But adjunct positions don’t just hurt the professors who hold them. They hurt students too. The massive cuts to humanities departments I discussed in my last column are made possible by universities’ reliance on adjunct labor. Why pay three full-time tenured faculty and maintain a German department when you can hire a single adjunct to teach all their classes at half (or less) the price? Teaching up to seven courses a semester and grading maybe 200 students’ assignments, that adjunct faculty member has no time to mentor students and no time to stay up to date on the latest research to bring to the classroom. In short, they have no time to provide the kind of college experiences that research has shown to be critical for fostering student engagement. 
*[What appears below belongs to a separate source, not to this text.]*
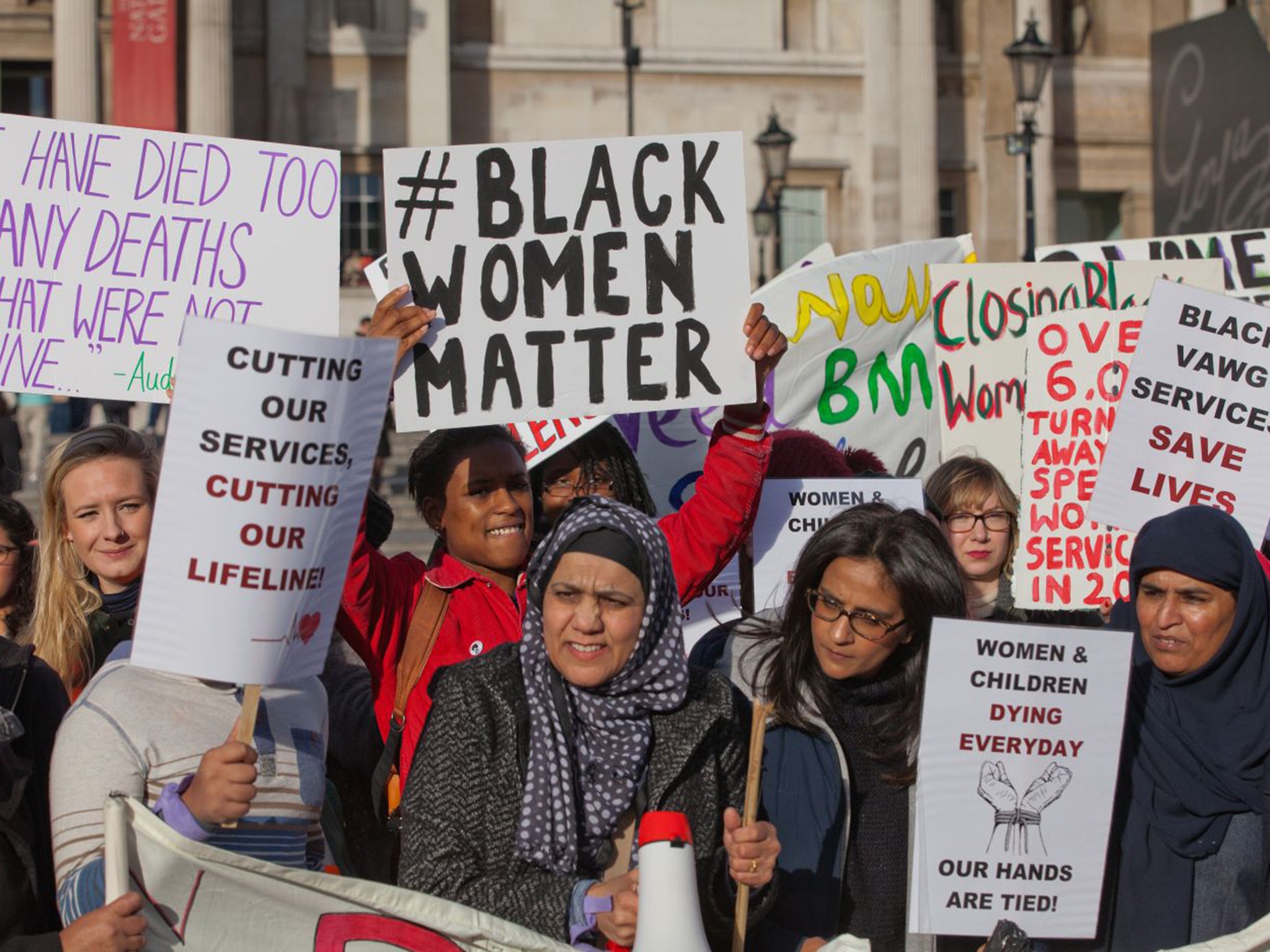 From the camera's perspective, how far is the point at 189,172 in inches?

Both students and exploited professors need Congressional action that addresses all the many broken parts of American higher education, from skyrocketing tuition rates to cratering faculty wages. The College for All Act is the answer. President Biden’s American Families Plan, just announced last Wednesday in his address to Congress, includes scaled-back versions of many of the proposals within the College for All Act, but no provisions to address the exploitative working conditions in higher ed. It’s simply not enough.  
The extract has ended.